Ambas manos apoyadas en su bastón, la voz trasluce emoción al verse en su relato, hilando retazos de recuerdos.
La falta de paciencia, de respeto, de valorar, de atender, de ver la realidad del futuro común irremisible son las constantes.
Le tememos a la vejez… ¿la despreciamos?
Mi pregunta late silenciosa en mi mente mientras miro esos ojos rodeados de arrugas, recuerdo a mi abuelo y sus narraciones, vuelo a mis años de niña perdiéndome. Levanto la mirada con enojo y una súplica de paciencia por él.

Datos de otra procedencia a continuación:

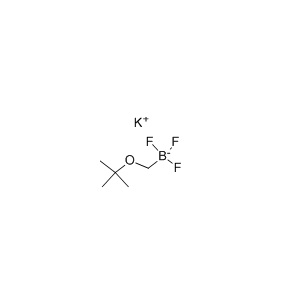 叔丁氧甲基三氟硼酸钾,Potassium tert-butoxymethyltrifluoroborate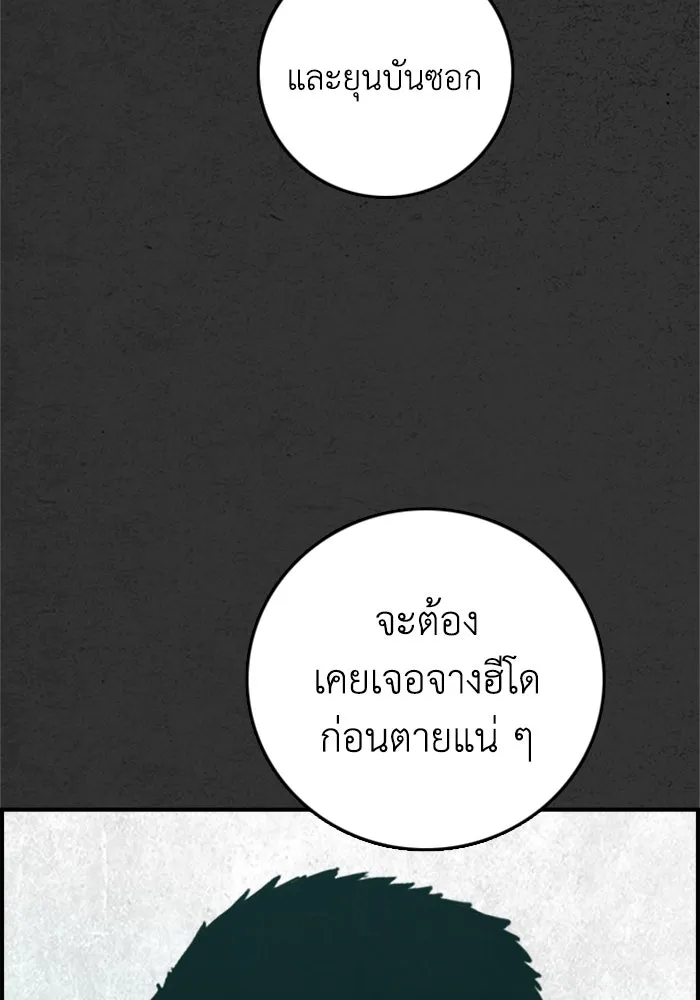 ตกศพสยอง ตอนที่ 25 รูปที่ 80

Si la vejez es una masacre, como Philip Roth enfrenta valientemente en «Elegía«, ¿por qué hacer de esa masacre personal e íntima una pública, alejada de la compasión y la comprensión?
El ruido del bastón al caer estrepitósamente en el piso de madera los despierta y es seguido de una carcajada general. Fin de su discurso.
Yo continúo sin embargo atendiendo su historia silenciosa llena de inocencia, sabiduría y alegría al observar sus minúsculos y traviesos ojos negros.
La vejez avergüenza a unos, la vejez atormenta a otros, la vejez es fatiga y lucha, pero tranquiliza el remanso de apreciar lo que cada surco en cada arruga representa, un camino recorrido y una vida de experiencias que se escucha en el silencio de la mirada de un viejo.